2   Henry (Rick) Frueh    http://judahslion.blogspot.com/
July 11th, 2007 at 4:14 pm

It is a removing of the love of Christ, and a limit of His atonement. Let us remove some more of the emperor’s clothes, much of the disgust that some of these reformed watchman have for these people has to do with them being Arminian. Iggy makes a good and obvious point.

As far as the Lutheran church in pre-war Germany, it was the political turn the church took in the late twenties and early thirties that helped Hitler take power.

You cannot have it both ways and we cannot let them get away with it. They pick a fly off the moon and yet they travel the electron highway with theological impunity. If it doesn’t matter eternally, and if nothing can change the population of either heaven or hell, then why are some of these self appointed Calvinistic watchman so vitriolic and demeaning toward others? And why does it matter if Bell preaches Popeye, it changes NOTHING.

They are the height of inconsistency to say nothing of looking down there predestined noses to verbally savage preachers who are doing NO HARM ETERNALLY. You may think that it is a hobby horse, but we should not let them take the fifth on what amounts to a theological oxi-moron. It isn’t just ringing an old bell, it’s sounding the MAIN BELL!

Words from people like Ken with his theology are full of sound and fury, signifying nothing.

3   Jim    http://www.watcherslamp.blogspot.com
July 12th, 2007 at 3:38 pm

Gentlemen,

It appears the joke is on me…I posted the comments as editor for general reference at CRN, not Ken.

I stand corrected regarding the date of the publishing of the this article by Next Wave.
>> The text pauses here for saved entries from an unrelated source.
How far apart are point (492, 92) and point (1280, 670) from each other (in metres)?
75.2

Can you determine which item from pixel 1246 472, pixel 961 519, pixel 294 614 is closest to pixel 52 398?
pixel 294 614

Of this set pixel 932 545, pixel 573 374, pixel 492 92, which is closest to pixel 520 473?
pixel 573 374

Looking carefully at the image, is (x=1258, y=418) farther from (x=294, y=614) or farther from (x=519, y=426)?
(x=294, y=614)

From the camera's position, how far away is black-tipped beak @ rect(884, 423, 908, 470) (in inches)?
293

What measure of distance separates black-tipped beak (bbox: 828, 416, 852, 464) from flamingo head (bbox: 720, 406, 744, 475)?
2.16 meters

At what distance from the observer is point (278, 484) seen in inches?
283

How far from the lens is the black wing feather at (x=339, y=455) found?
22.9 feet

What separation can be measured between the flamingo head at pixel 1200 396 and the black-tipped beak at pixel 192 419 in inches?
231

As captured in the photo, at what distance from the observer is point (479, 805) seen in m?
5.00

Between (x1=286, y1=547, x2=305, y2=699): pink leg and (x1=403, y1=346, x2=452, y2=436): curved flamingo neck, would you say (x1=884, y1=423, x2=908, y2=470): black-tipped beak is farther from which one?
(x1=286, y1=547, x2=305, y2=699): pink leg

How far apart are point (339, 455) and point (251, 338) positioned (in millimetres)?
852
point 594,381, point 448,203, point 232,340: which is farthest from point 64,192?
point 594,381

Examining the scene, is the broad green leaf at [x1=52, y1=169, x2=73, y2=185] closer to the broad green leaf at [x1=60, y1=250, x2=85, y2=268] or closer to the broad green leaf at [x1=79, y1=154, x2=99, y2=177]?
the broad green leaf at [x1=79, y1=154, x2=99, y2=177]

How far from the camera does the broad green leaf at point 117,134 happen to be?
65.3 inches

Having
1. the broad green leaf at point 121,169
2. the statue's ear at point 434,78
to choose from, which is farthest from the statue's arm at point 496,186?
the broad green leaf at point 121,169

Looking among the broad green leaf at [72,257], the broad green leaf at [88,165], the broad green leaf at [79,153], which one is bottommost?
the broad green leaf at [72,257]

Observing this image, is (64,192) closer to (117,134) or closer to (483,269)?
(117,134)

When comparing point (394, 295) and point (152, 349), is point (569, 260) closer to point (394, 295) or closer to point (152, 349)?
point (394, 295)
While perusing the July 2007 issue, I found the McManus article, not recognizing the “archive” status.

Mia Culpa for date mix – up, but I stand by my comments. And by the way, there is no effort to associate McManus with the emergents in my post, rather the author of the article identified himself as an “emergent pastor”, writing for the emergent magazine.

However, McManus’s associations in 2007 speak volumes about his where he sits theologically.

Regards,

Jim

4   iggy    http://wordofmouthministries.blogspot.com/
July 12th, 2007 at 3:57 pm

Jim,

Then are you of the mindset that Jon Gordon’s recent conversion is false?

If he is under the influence of “associations” and as you are implying by this that his theology is bad…
then I can only conclude you would think that Jon Gordon’s conversion is not true.

Just asking,
iggy

5   Nathan    http://www.nathanneighbour.com
July 13th, 2007 at 2:57 am

Jim,

I would like you to explain what you meant by “McManus’s associations in 2007 speak volumes about his where he sits theologically.” If you are saying that someone’s theology is based on who someone hangs out with, then we need to talk. If that’s the case, then Jesus’ theology should have been pretty wacky.

6   Tim Reed    
July 13th, 2007 at 7:44 am

“However, McManus’s associations in 2007 speak volumes about his where he sits theologically.”

I always worry about someone’s theology when they’re a member of the SBC too.